YOUR GOAL:
Search the entries below for "wooden". Report each line where it occurs.

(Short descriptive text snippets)
▼

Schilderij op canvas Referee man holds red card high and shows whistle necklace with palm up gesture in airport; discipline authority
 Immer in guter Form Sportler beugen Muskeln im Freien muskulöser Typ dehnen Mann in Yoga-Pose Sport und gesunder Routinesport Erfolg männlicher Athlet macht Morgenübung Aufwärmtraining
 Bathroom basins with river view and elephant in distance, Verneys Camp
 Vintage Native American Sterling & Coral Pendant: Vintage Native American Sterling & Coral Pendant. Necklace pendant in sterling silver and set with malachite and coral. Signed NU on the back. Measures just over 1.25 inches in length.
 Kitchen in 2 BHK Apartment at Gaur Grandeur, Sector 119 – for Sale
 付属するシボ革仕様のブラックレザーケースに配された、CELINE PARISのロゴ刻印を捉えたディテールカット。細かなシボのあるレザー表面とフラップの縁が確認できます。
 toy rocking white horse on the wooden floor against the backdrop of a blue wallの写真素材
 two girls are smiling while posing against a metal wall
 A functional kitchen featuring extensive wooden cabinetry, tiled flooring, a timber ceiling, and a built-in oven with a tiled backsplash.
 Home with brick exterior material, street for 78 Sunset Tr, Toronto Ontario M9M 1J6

▲

REPLY TO THE EXERCISE:
 toy rocking white horse on the wooden floor against the backdrop of a blue wallの写真素材
 A functional kitchen featuring extensive wooden cabinetry, tiled flooring, a timber ceiling, and a built-in oven with a tiled backsplash.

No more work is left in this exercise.